Wednesday 23 December 2009

The Two-Thousands – the decade of change.

So what should we call the first decade of the new century? The “naughties”, the “zeros”? Nope, neither. To me, “naughties” sounds frivolous, somehow nostalgic and I doubt many of us will look back with any fondness. The “zeros” suggests nothing happened and that, my friends, is just not true.

I think we’ll look back at the decade as the decade when everything changed.

On September 11th, 2001, I was in London’s Docklands at an international defence exhibition. Early afternoon, rumours started to spread of the attacks on New York. I talked to subdued colleagues as we stared, G&T in hand, towards Canary Wharf, wondering whether it would be next. Most were dismissive of the implications, but I wasn’t. I remember telling themthat this would change the world.

It did.

It changed our perception of Islam, making one of World’s most peaceful and culturally rich religions synonymous with terrorism. It led directly to the bombings in London and the airline bomb plots which changed the way we travel. It led to the Prevention of Terrorism Act which has made us all terrorists unless we prove otherwise.

It led to the invasion of Afghanistan and gave Bush the excuse to finish what his father couldn’t in Iraq.

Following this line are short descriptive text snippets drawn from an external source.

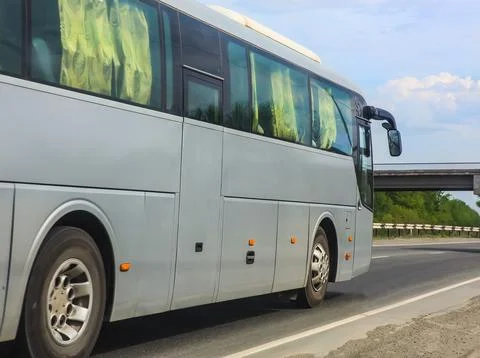 Bus goes on highway Stock Photos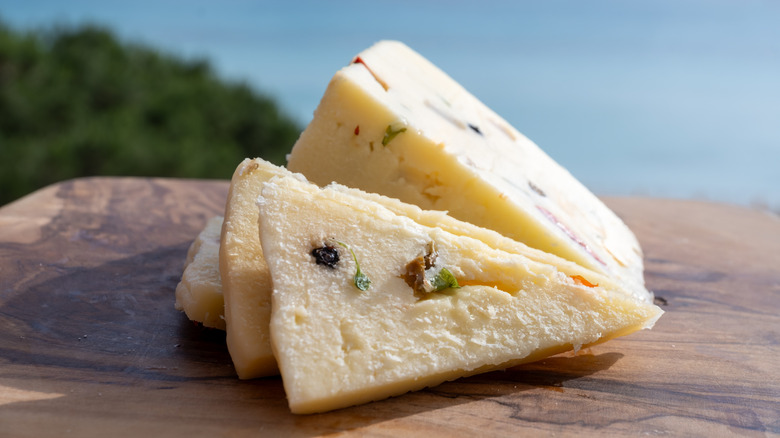 Sliced wedge of provolone on wooden cutting board with sea in background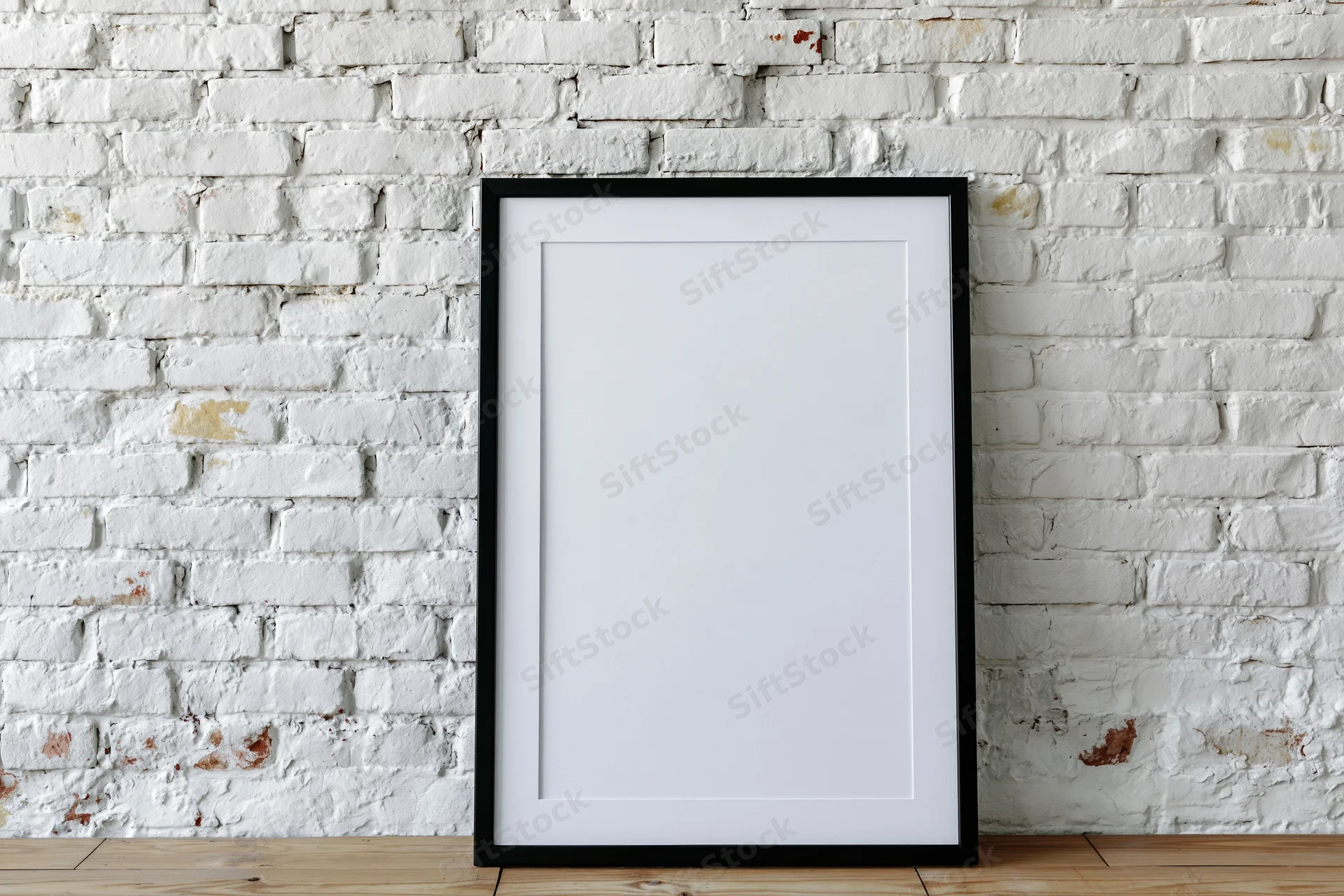 Black-framed blank poster leaning against white brick wall on wooden floor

They tried to convince us of the existence WMDs to justify a regime change that was really about usurping oil resources for US megacorps. They made a liar of a Prime Minister who was desperate to appease Bush, and who then retired when the going got tough; leaving us with a character-less Scot - unelected and unelectable - to preside over the World’s financial crisis.

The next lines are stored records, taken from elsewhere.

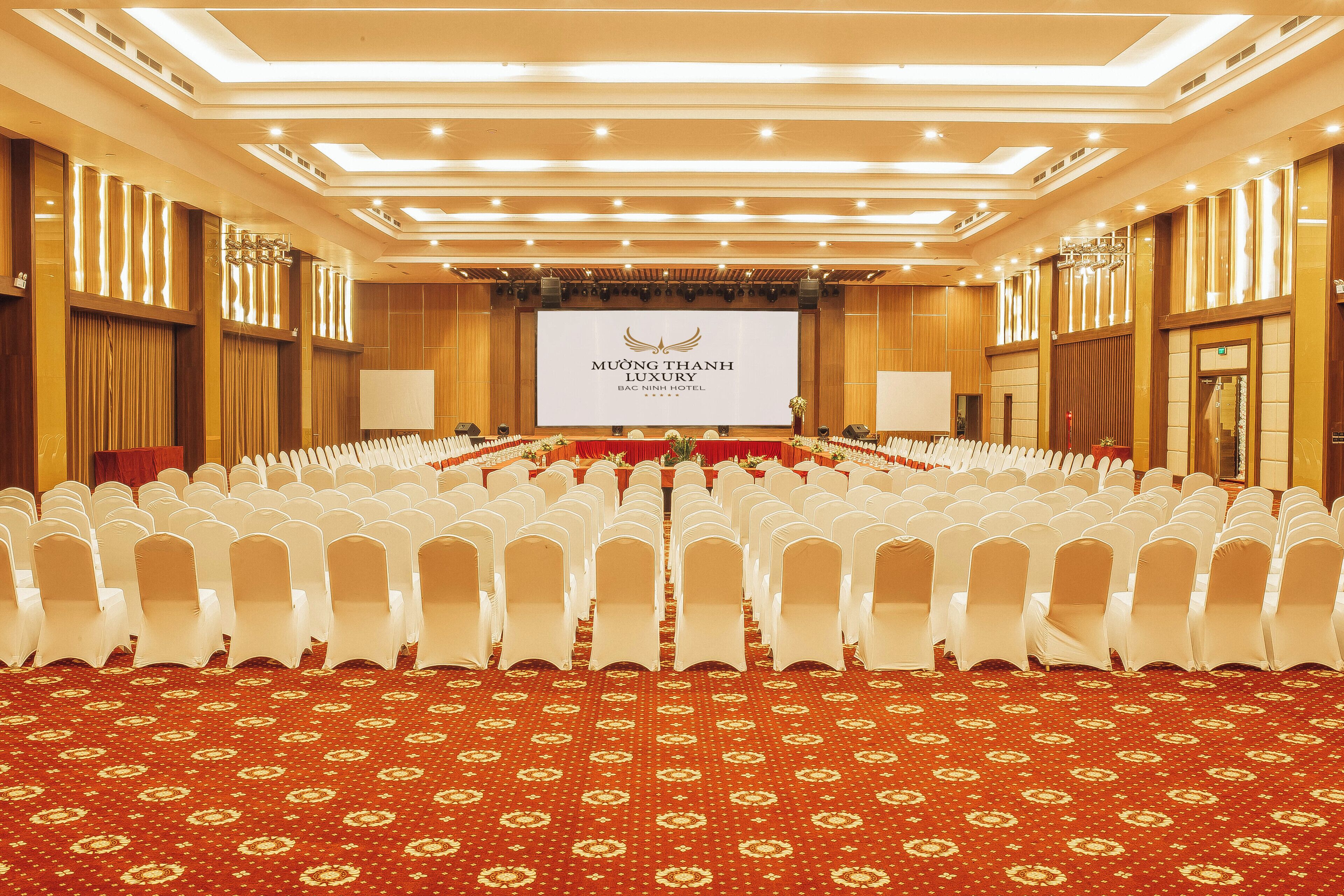 Uma sala de conferências com fileiras de cadeiras brancas, um tapete vermelho e uma tela grande exibindo o nome do hotel.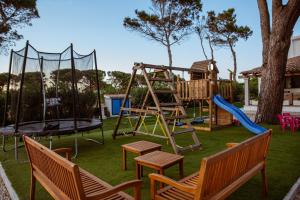 a playground with a slide and a swing set at Villa Rose Sardegna in Calasetta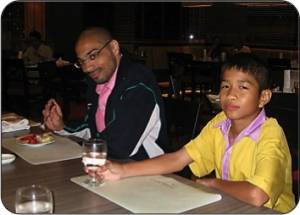 James Riggins, a CVT mission worker alumnus from the American Baptist Churches, shares a meal with a former student from Padoongrasdra School in Phitsanulok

The tragic murder of Sara Payne and the disappearance of Madeleine McCann made us aware of networks of organised paedophiles but the case of Shannon Matthews in 2008 shocked us and changed the way we think of Britain. The media attention in the deprived estate in Dewsbury gave us a glimpse into the lives and attitudes of Britain’s underclass and how far they would go to sustain their alcohol and drug needs when their benefits were not enough. In 2002, two schoolgirls went missing in Soham, Cambridgeshire. We learnt that they’d been murdered by their school’s caretaker aided by their classroom assistant. The failure of local authorities to use existing procedures to check the killer’s background resulted in legislation that makes us all paedophiles unless we prove otherwise.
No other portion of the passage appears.